_Try it_
In the entries that follow, find the line containing "Living with a" and the line containing "Exterior view", then copy exactly everything from the first through the second except the pictures.

_Records shown_
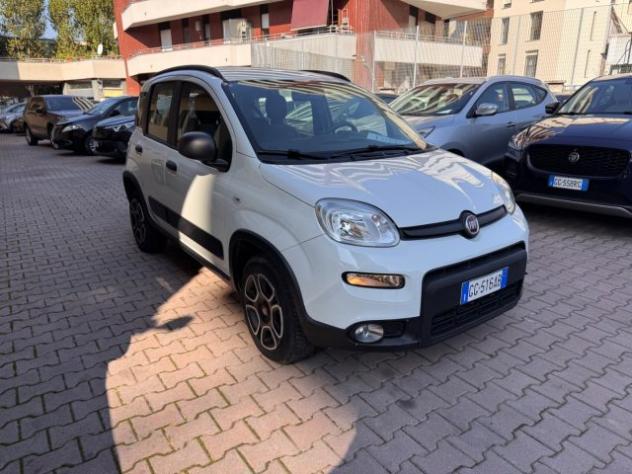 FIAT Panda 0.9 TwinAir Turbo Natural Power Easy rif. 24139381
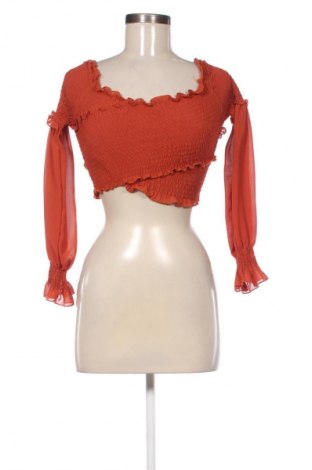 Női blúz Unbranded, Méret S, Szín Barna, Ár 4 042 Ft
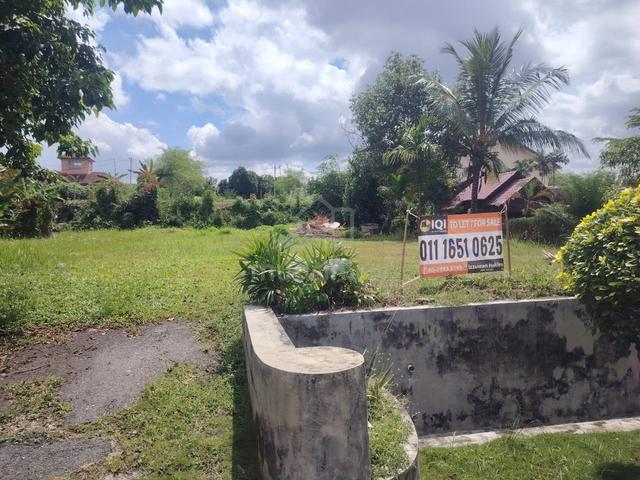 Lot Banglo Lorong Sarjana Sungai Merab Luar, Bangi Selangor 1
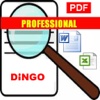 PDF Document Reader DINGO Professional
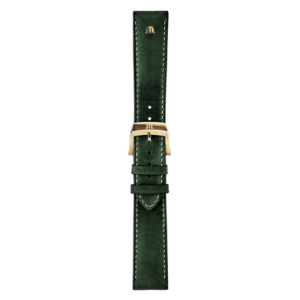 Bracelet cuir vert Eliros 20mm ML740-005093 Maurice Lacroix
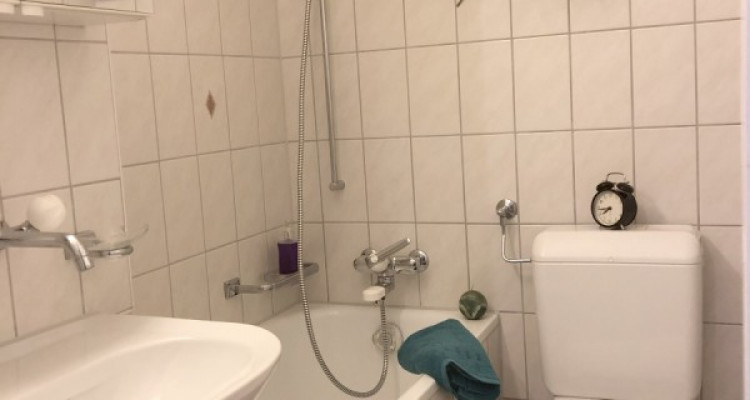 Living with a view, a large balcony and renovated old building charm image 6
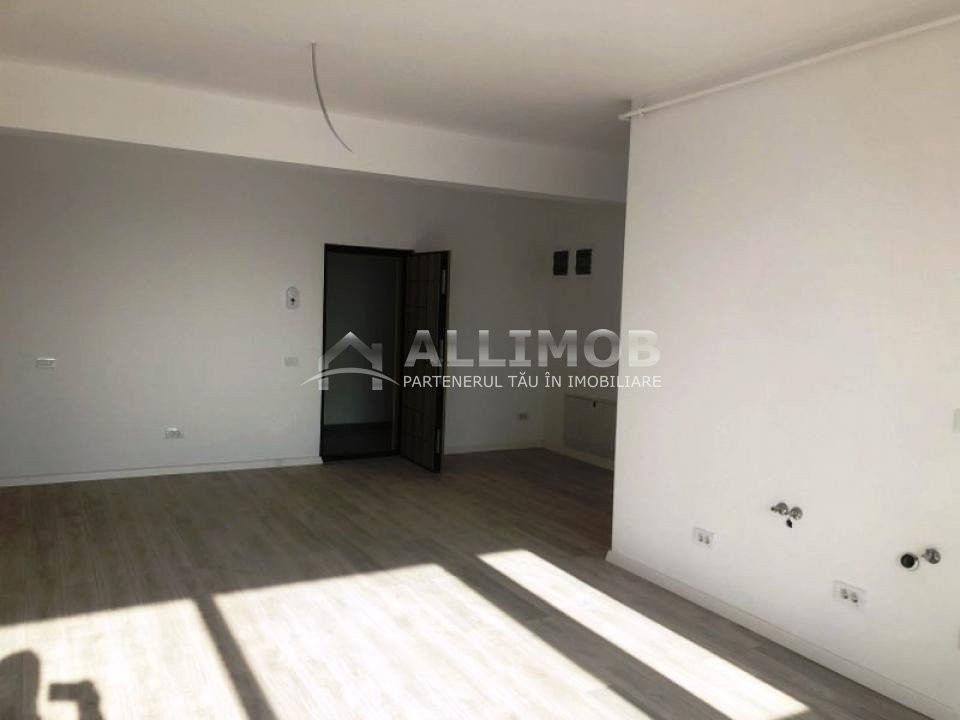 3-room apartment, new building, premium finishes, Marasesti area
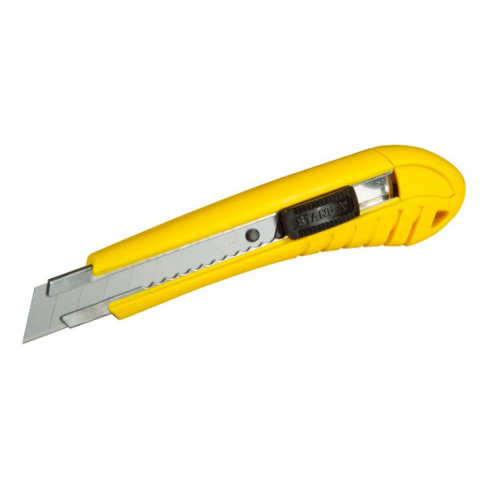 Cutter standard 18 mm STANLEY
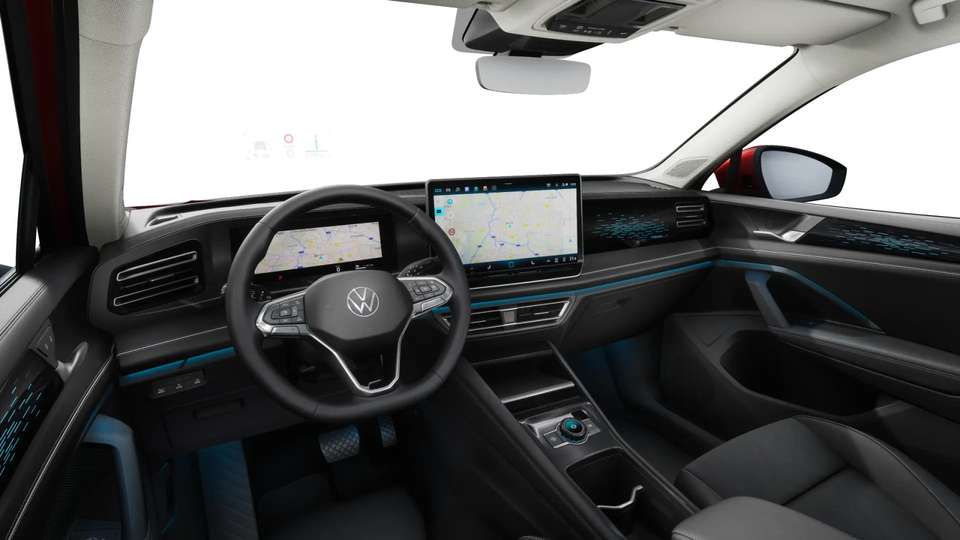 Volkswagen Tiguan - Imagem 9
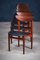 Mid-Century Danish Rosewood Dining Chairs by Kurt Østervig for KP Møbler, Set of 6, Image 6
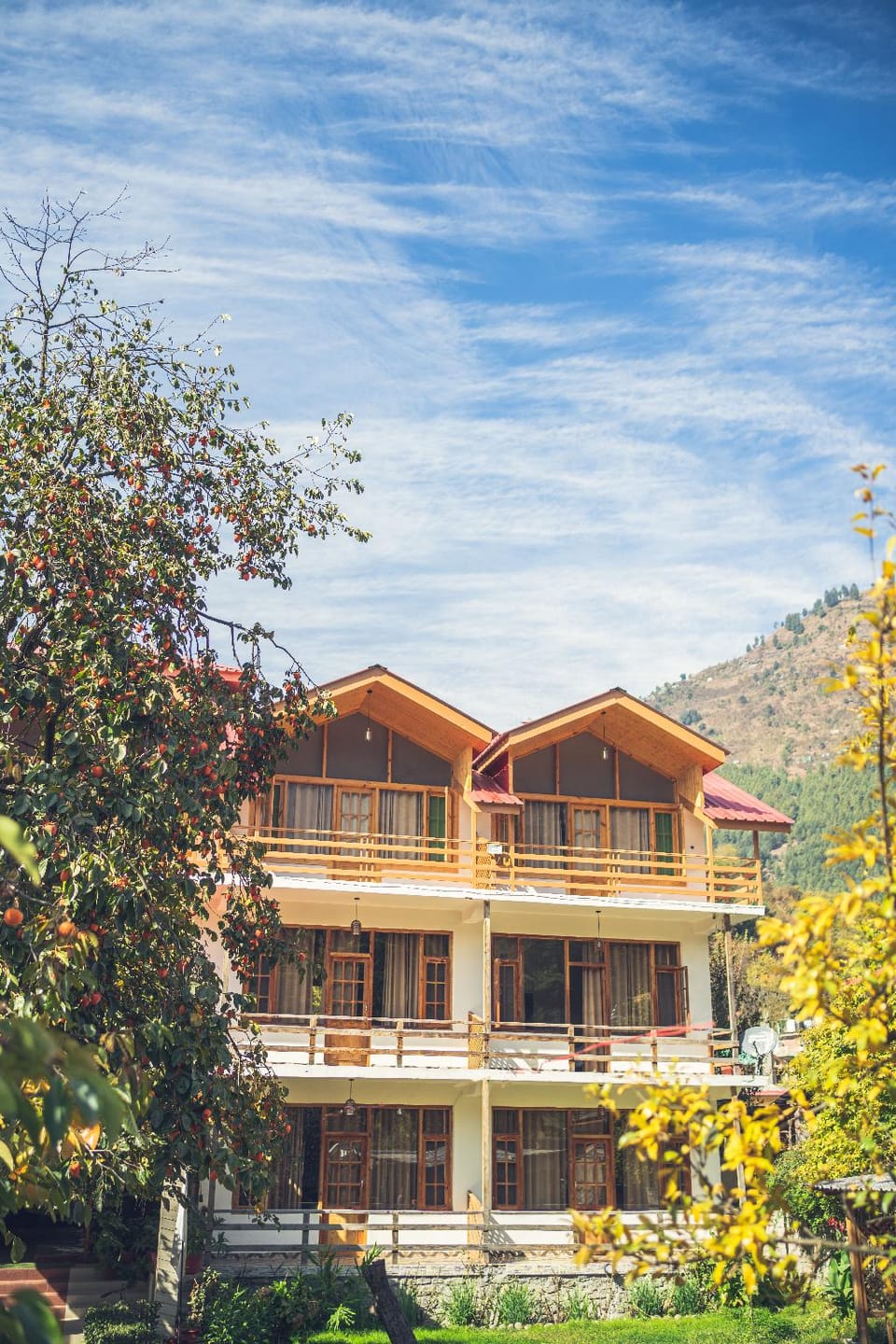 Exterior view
==
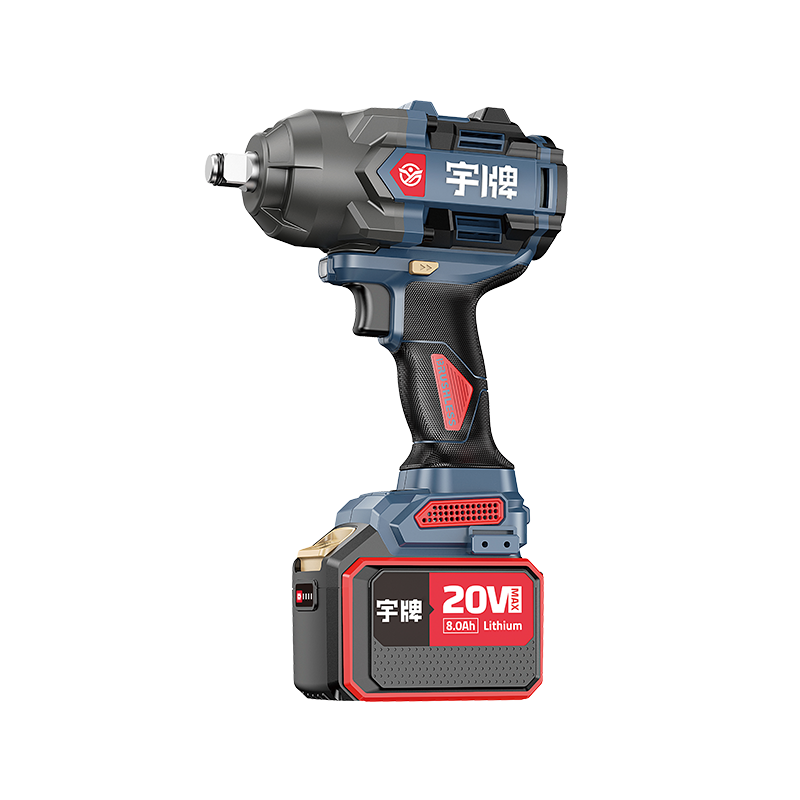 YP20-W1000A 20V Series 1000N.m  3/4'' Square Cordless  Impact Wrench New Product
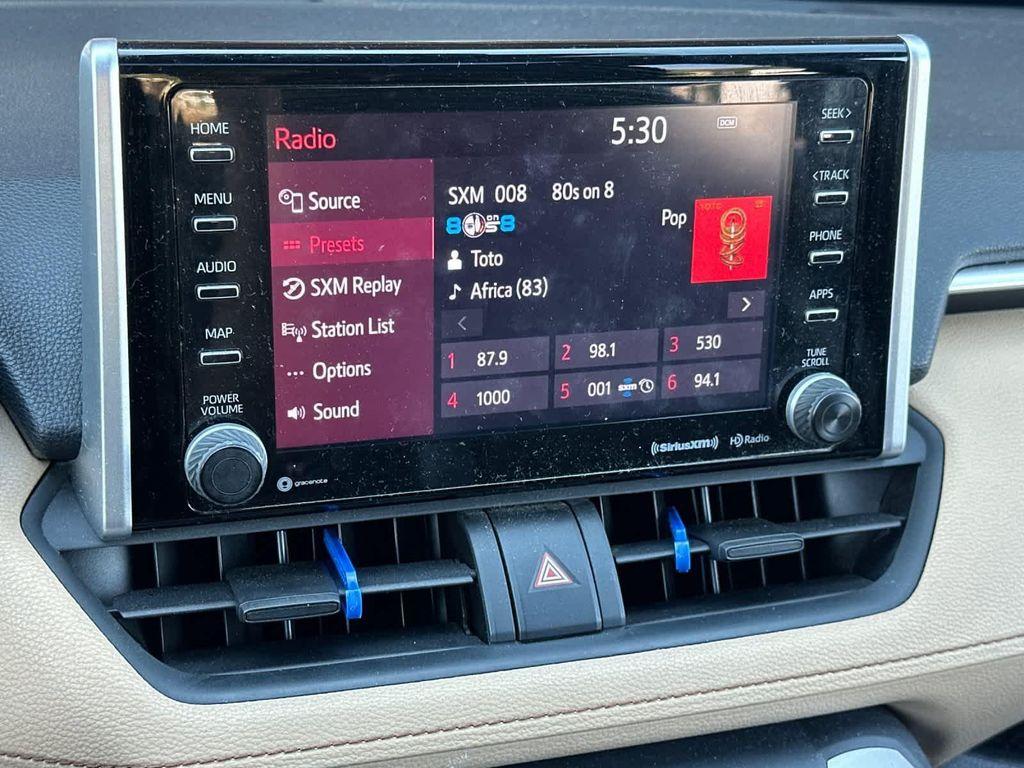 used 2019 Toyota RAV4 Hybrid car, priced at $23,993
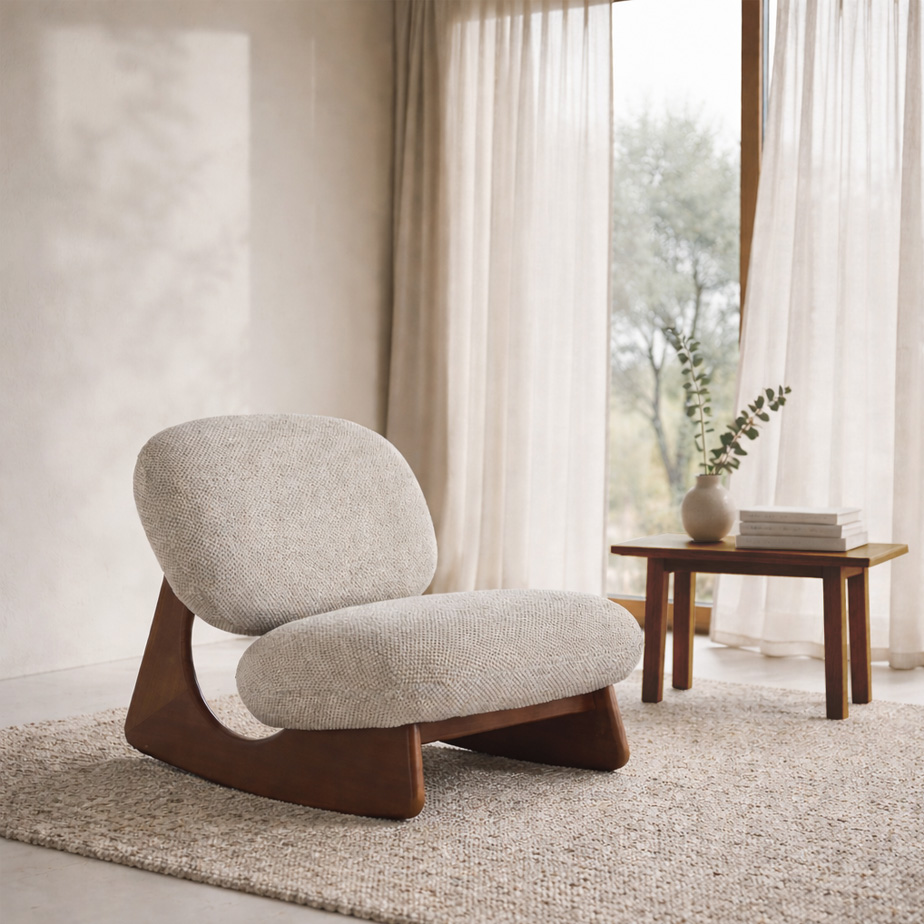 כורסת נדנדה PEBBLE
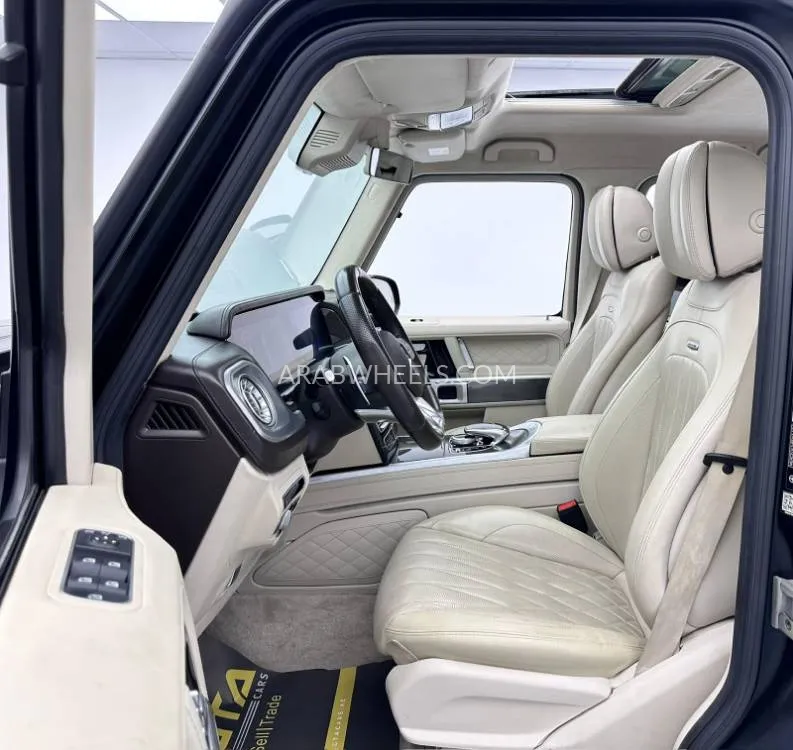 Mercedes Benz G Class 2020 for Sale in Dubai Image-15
--
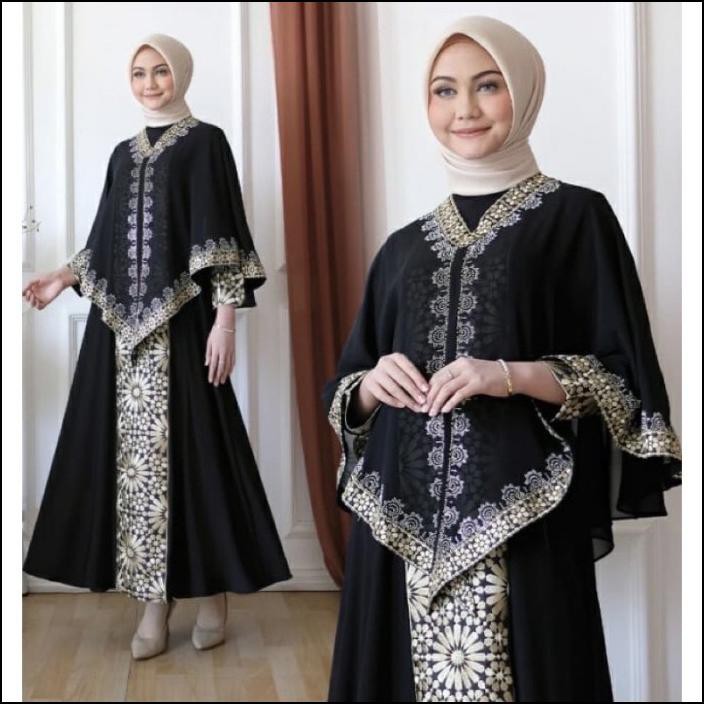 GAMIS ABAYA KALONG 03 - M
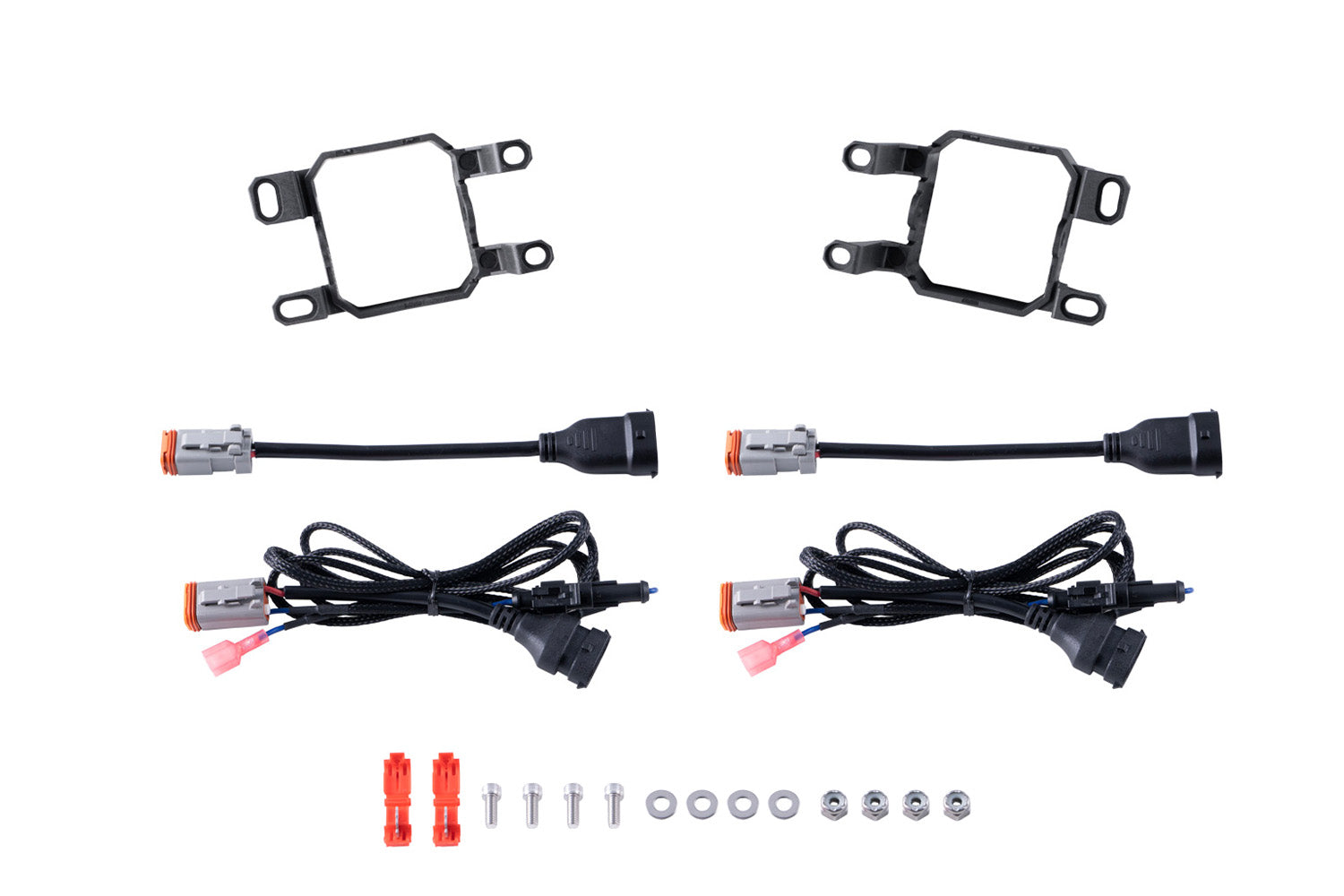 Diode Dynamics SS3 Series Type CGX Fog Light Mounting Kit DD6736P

_Result of the exercise_
 Living with a view, a large balcony and renovated old building charm image 6
 3-room apartment, new building, premium finishes, Marasesti area
 Cutter standard 18 mm STANLEY
 Volkswagen Tiguan - Imagem 9
 Mid-Century Danish Rosewood Dining Chairs by Kurt Østervig for KP Møbler, Set of 6, Image 6
 Exterior view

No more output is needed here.